Le choc entre l’Égypte et l’Afrique du Sud, disputé dans le cadre de la Coupe d’Afrique des Nations 2025 au Maroc, a laissé une trace durable bien au-delà du coup de sifflet final. Une main jugée litigieuse du défenseur égyptien Yasser, intervenue sur sa propre ligne de but, qui a provoqué une vive polémique et relancé le débat sur l’arbitrage et l’usage de la VAR dans la compétition.
L’action survient en seconde période, à un moment clé de la rencontre. Sur une frappe sud-africaine à bout portant, Yasser, bien placé sur sa ligne, semble détourner le ballon de la main avant qu’il ne franchisse le but. Les joueurs sud-africains réclament immédiatement un penalty, estimant que le geste est volontaire et empêche un but tout fait. L’arbitre central, après un bref échange avec ses assistants, laisse d’abord le jeu se poursuivre avant d’être appelé par la VAR.
Après de longues secondes de consultation vidéo, la décision tombe : pas de penalty. Une décision qui fait bondir le banc sud-africain et déclenche une bronca dans les tribunes. Pour les Bafana Bafana, l’incompréhension est totale.
« À ce niveau de compétition, avec la VAR, ce genre d’action doit être sanctionné », lâche un membre du staff sud-africain, visiblement frustré, en zone mixte.
Côté égyptien, le discours est tout autre.
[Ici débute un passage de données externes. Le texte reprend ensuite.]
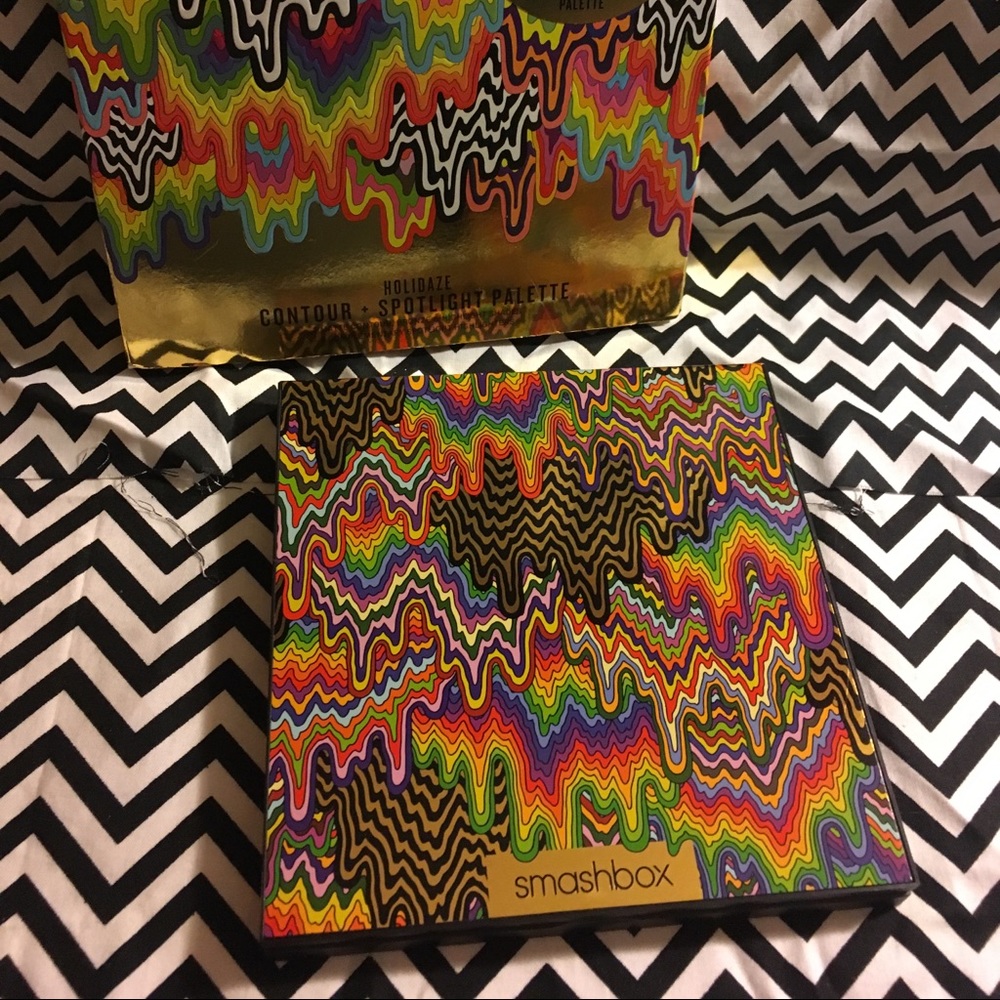 SOLD: Holidaze Contour Palette Limited Edition - Picture 1 of 7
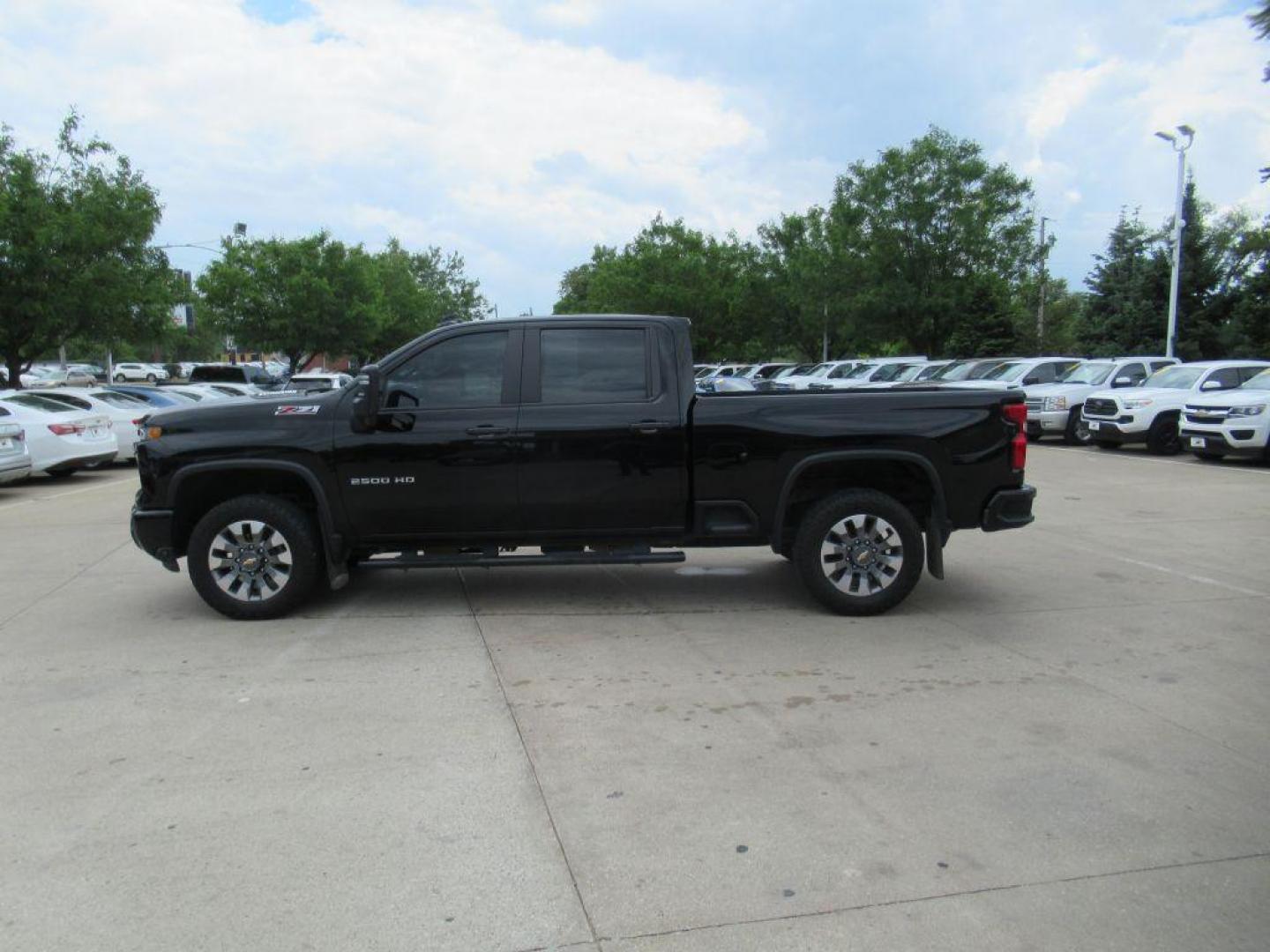 2024 BLACK CHEVROLET SILVERADO 2500 CUSTOM (1GC4YMEY2RF) with an 6.6L engine, Automatic transmission, located at 908 SE 14th Street, Des Moines, IA, 50317, (515) 281-0330, 41.580303, -93.597046 - Photo#7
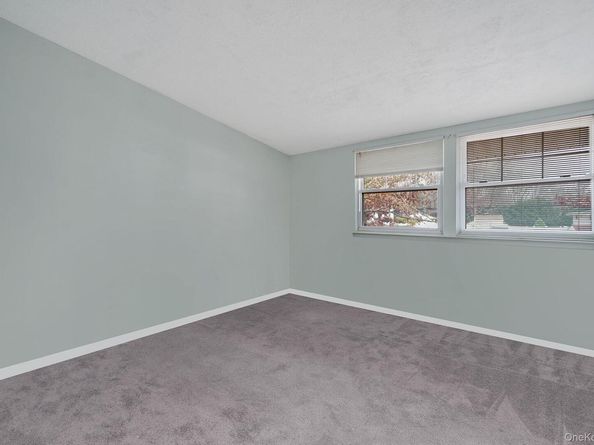 31 Cabin Lane, East Setauket NY 11733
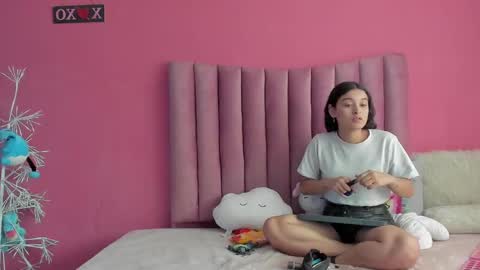 Snapshot of justin_jazmin chatting on January 2025 07:18:01 PM JUSTIN Y JAZMIN online show from January 2025 07:18:01 PM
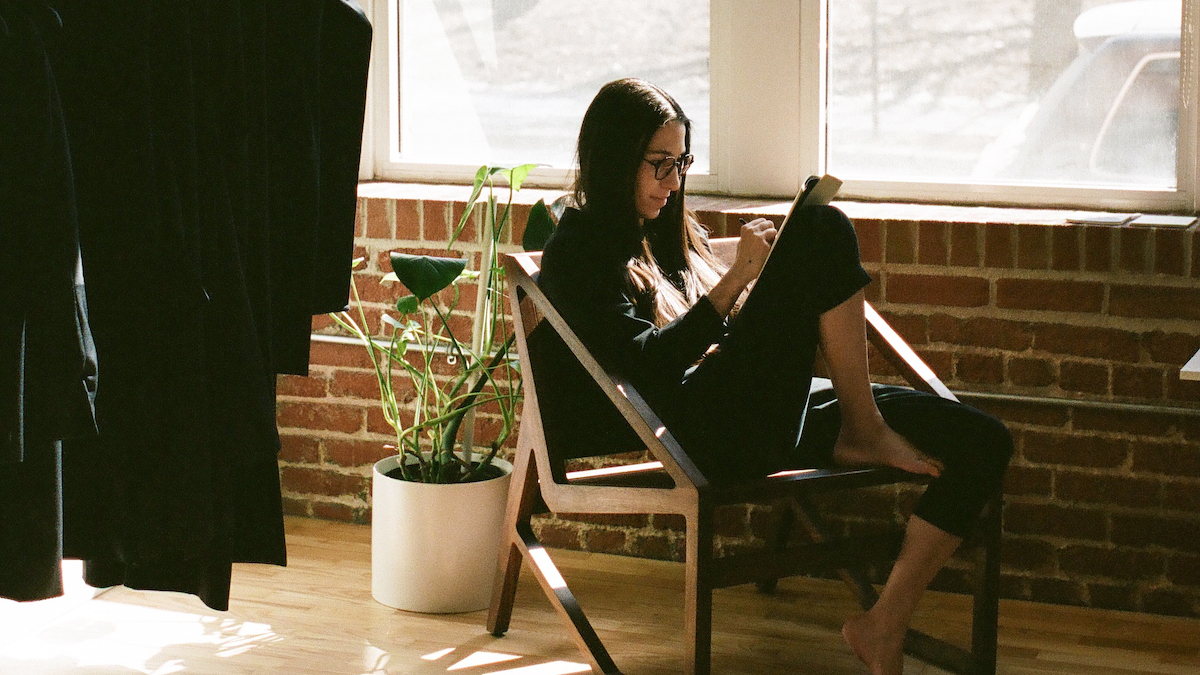 La designer de mode éthique Elisa C-Rossow à l’œuvre dans son atelier de Pointe-Sainte-Charles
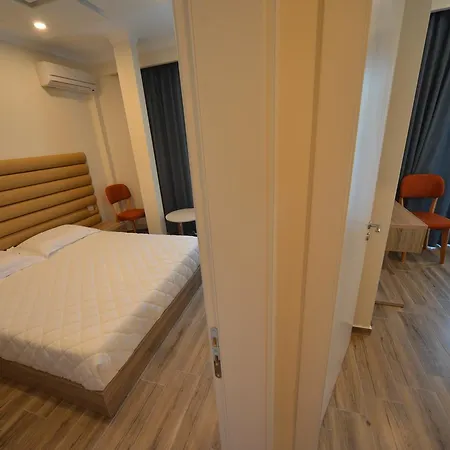 Hotel Elesio 4*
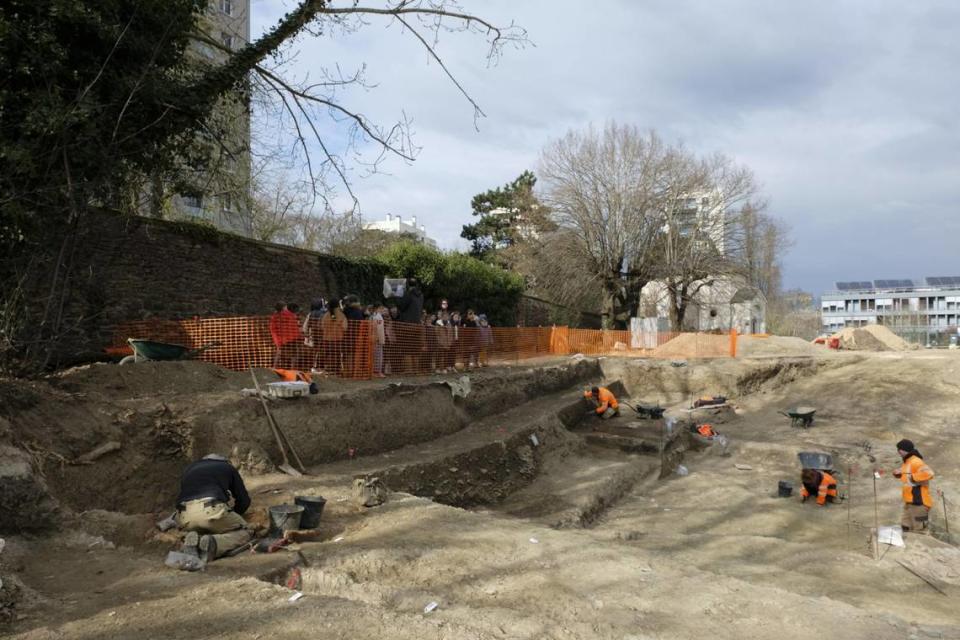 The shale quarry being excavated in stages.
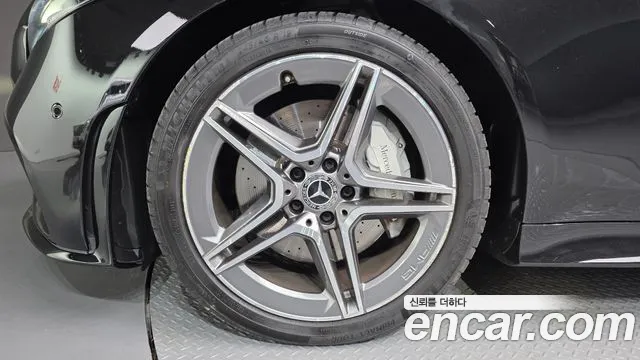 Mercedes-Benz CLS-Class 2019 thumb 5
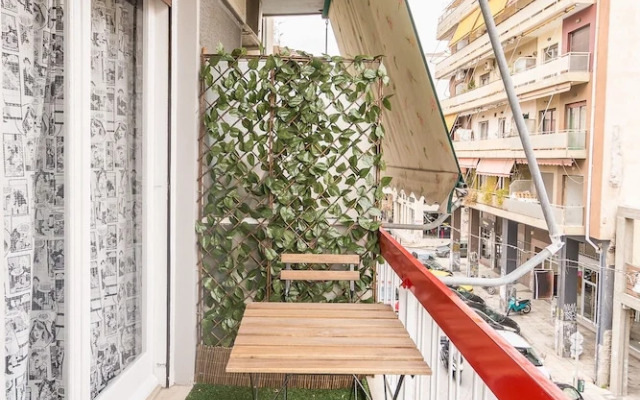 Comfy Kerameikos Apartment by Cloudkeys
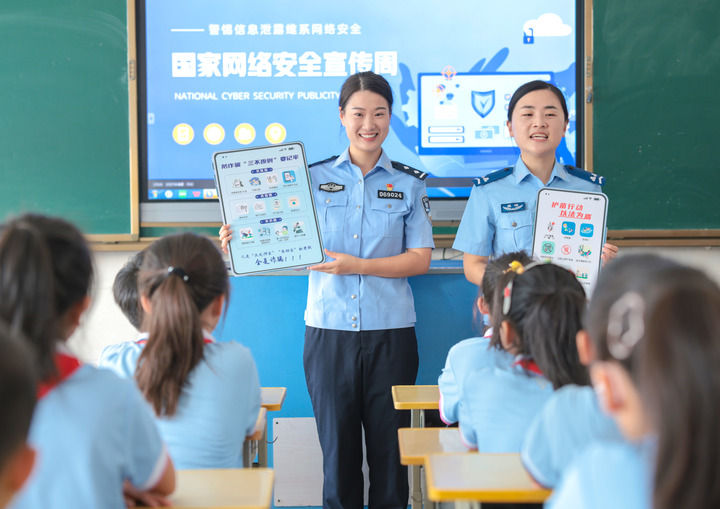 从全国两会看法治中国建设重大成就与崭新实践 从全国两会看法治中国建设重大成就与崭新实践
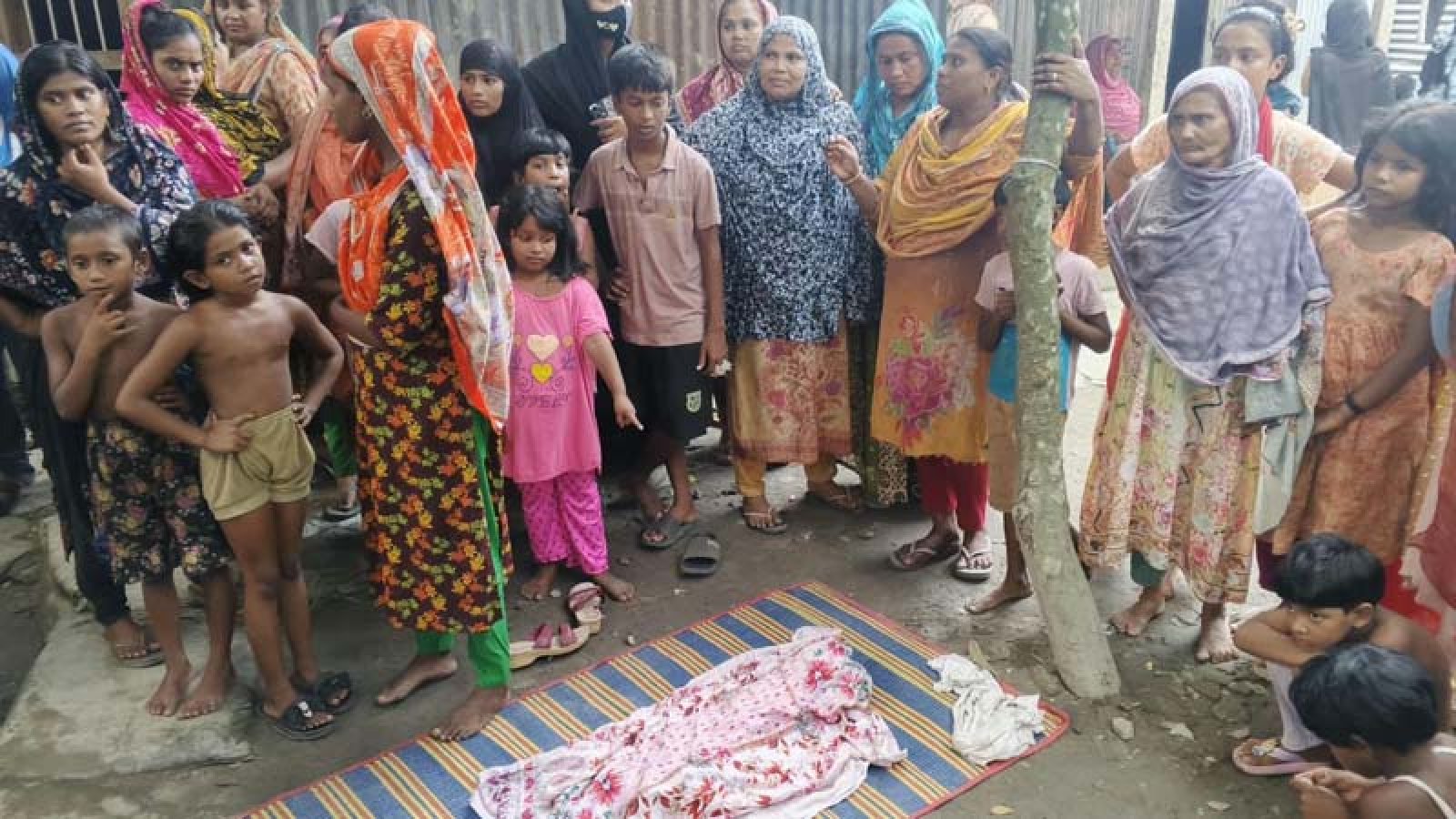 শাহজাদপুরে বাবার লাঠির আঘাতে কোলে থাকা শিশুর মৃত্যু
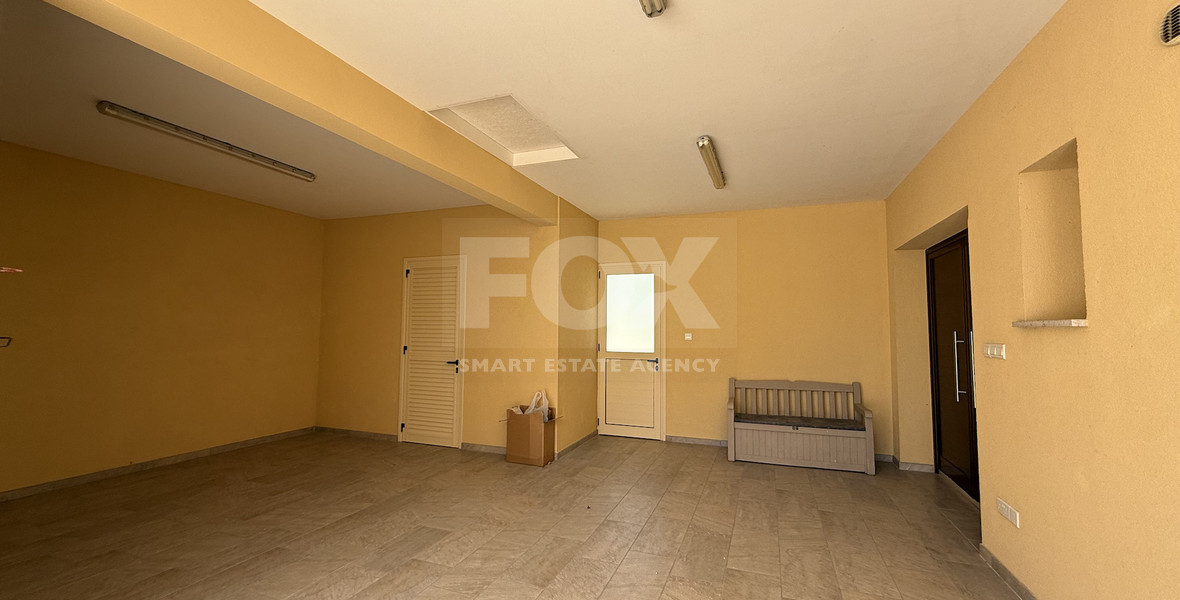 RENT: UNFURNISHED 4 BEDROOM BUNGALOW WITH SWIMMING POOL IN PYRGOS WITH EASY ACCESS.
Les Pharaons estiment que la main est involontaire et que le défenseur n’a pas augmenté artificiellement la surface de son corps. « Yasser se protège instinctivement, le ballon arrive à très courte distance », défend un cadre de la sélection égyptienne, rappelant que l’interprétation des mains reste sujette à appréciation.
Sur les réseaux sociaux, les images de l’action tournent en boucle. Consultants, anciens arbitres et supporters se divisent. Certains dénoncent une erreur manifeste, d’autres soulignent la complexité des règles et la difficulté de juger l’intention du joueur.
Cette polémique vient s’ajouter à une série de décisions arbitrales déjà discutées depuis le début de la CAN 2025. Elle pose une nouvelle fois la question de la cohérence des décisions et de la communication autour de la VAR, censée réduire les injustices mais qui, dans ce cas précis, n’a fait qu’attiser la controverse.
Qu’elle soit considérée comme une main involontaire ou une faute flagrante, l’action de Yasser restera comme l’un des moments les plus commentés de cette CAN 2025, rappelant que, même à l’ère de la technologie, le football africain continue de se jouer aussi… dans la polémique.